Records for this task:
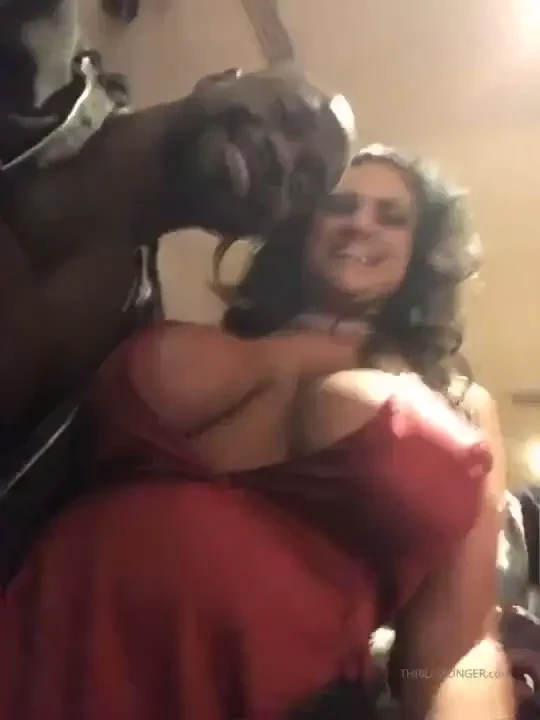 Klani kai looking so fucking tasty at the avnawards 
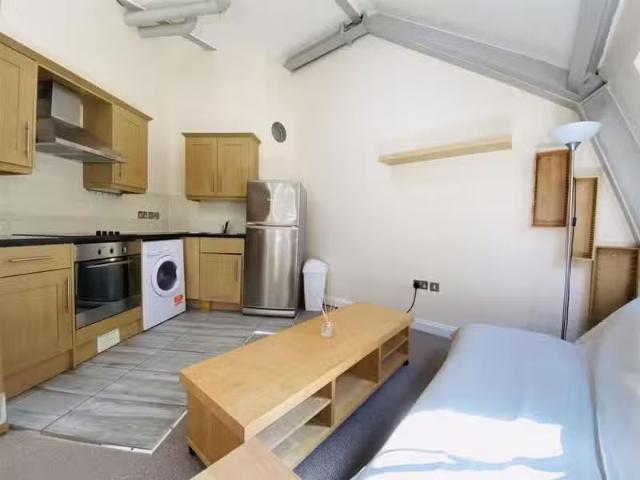 Studio flat for rent in Baldwin Street, City Centre, BS1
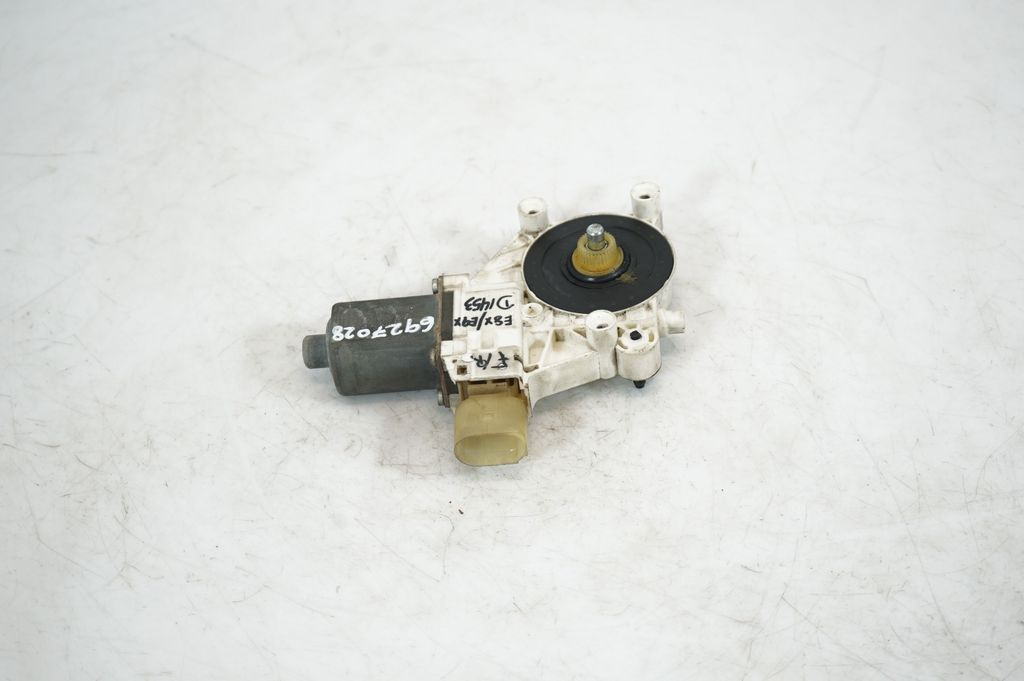 Front door window regulator with motor (3)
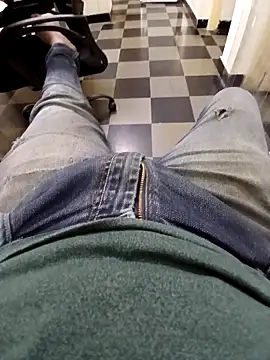 Long Laster online show from 02/24/25, 10:26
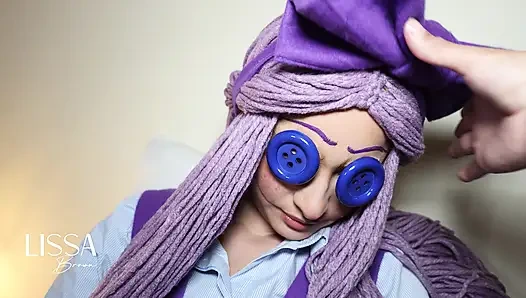 Sie haben eine neue stoffpuppe für ihr bett gekauft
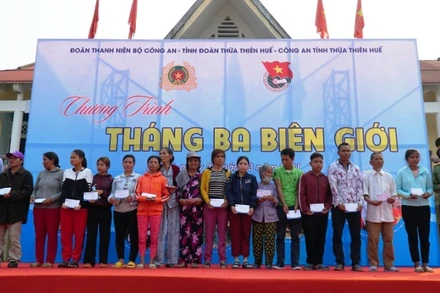 Ban Tổ chức chương trình tặng 30 suất quà cho các gia đình có hoàn cảnh đặc biệt khó khăn tại A Lưới.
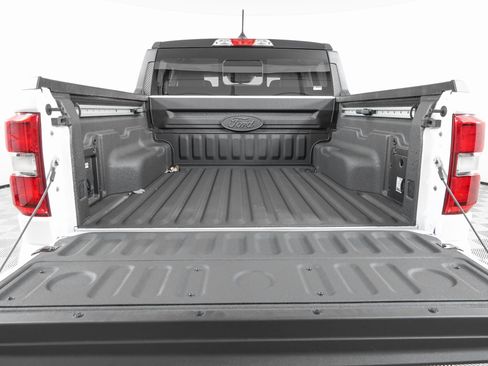 Used 2025 Ford Maverick Lobo image 7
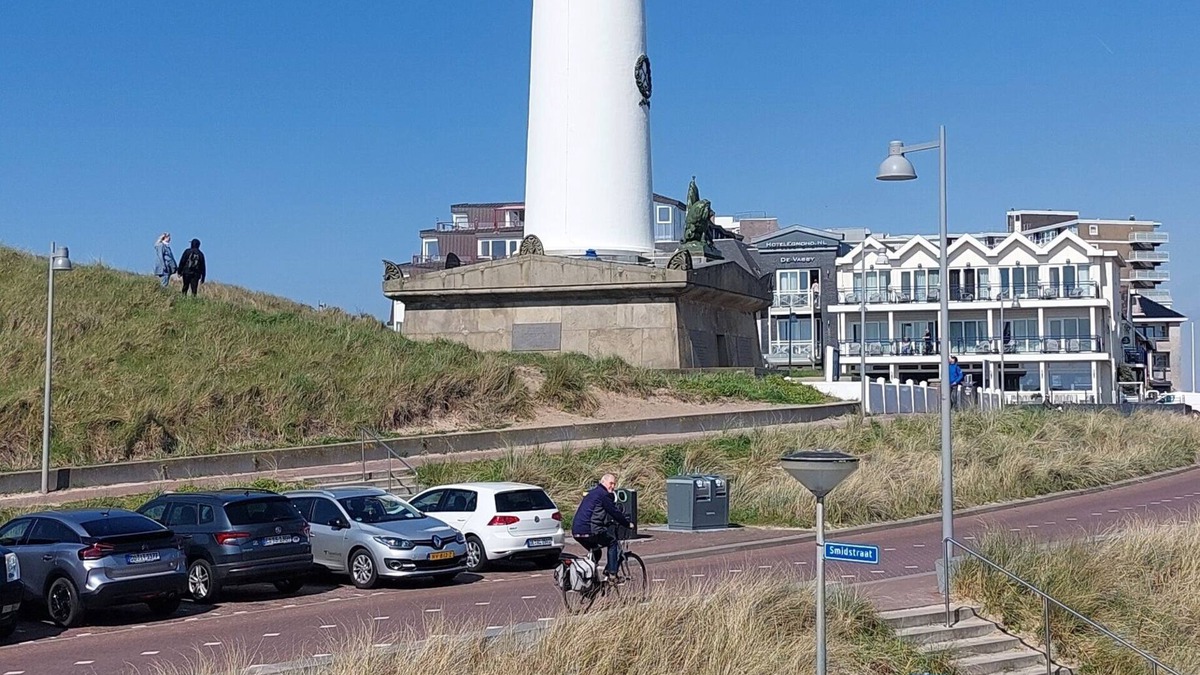 Egmond aan Zee Apartment | Top location! Next to lighthouse, beach 50m SIGHT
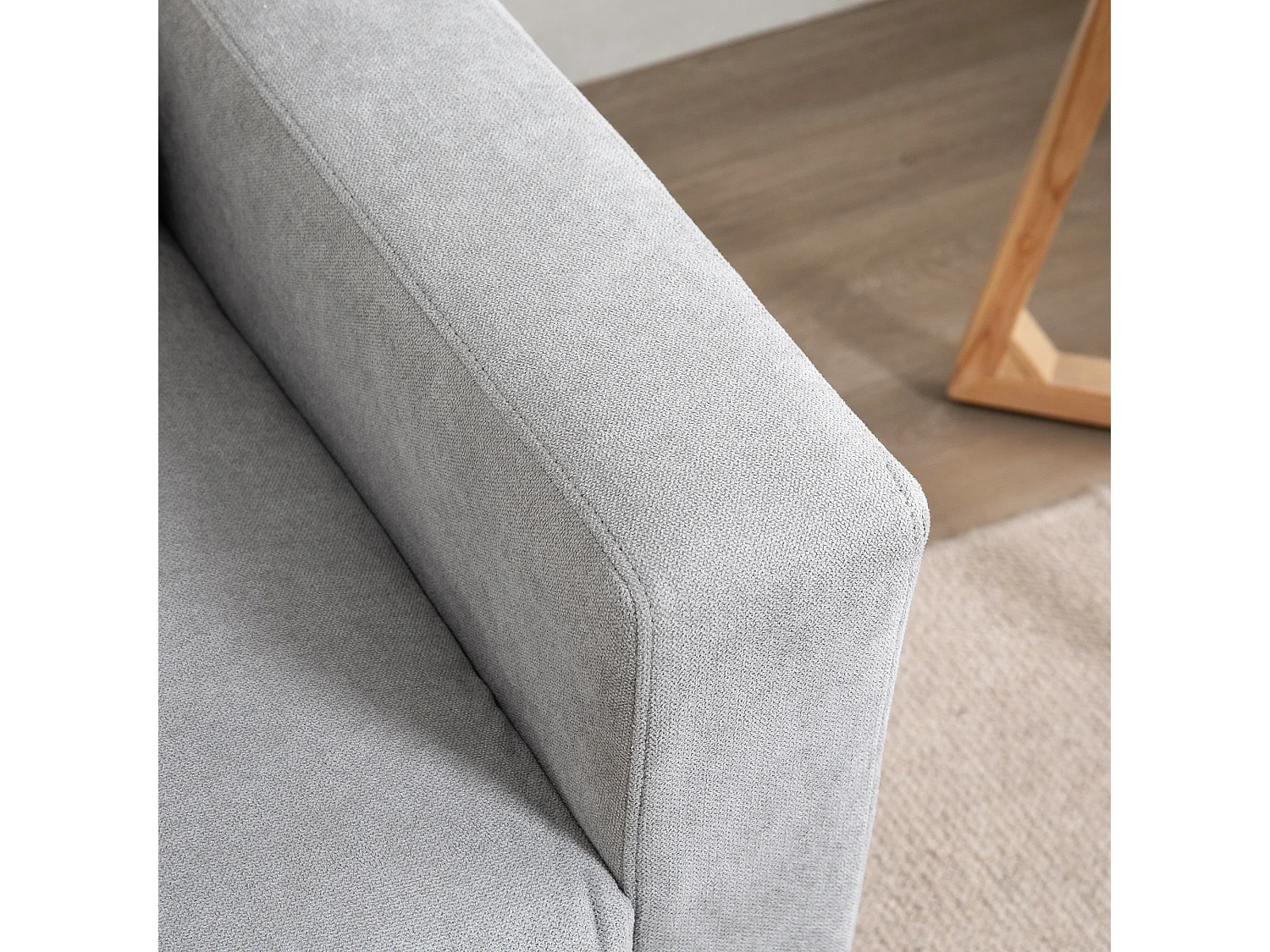 Canapé 2 places design scandinave dim. 145L x 76l x 88H cm pieds bois massif tissu gris clair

Action item: Could you write the entries out again exactly, without their pictures?

Finished task:
 Klani kai looking so fucking tasty at the avnawards 
 Studio flat for rent in Baldwin Street, City Centre, BS1
 Front door window regulator with motor (3)
 Long Laster online show from 02/24/25, 10:26
 Sie haben eine neue stoffpuppe für ihr bett gekauft
 Ban Tổ chức chương trình tặng 30 suất quà cho các gia đình có hoàn cảnh đặc biệt khó khăn tại A Lưới.
 Used 2025 Ford Maverick Lobo image 7
 Egmond aan Zee Apartment | Top location! Next to lighthouse, beach 50m SIGHT
 Canapé 2 places design scandinave dim. 145L x 76l x 88H cm pieds bois massif tissu gris clair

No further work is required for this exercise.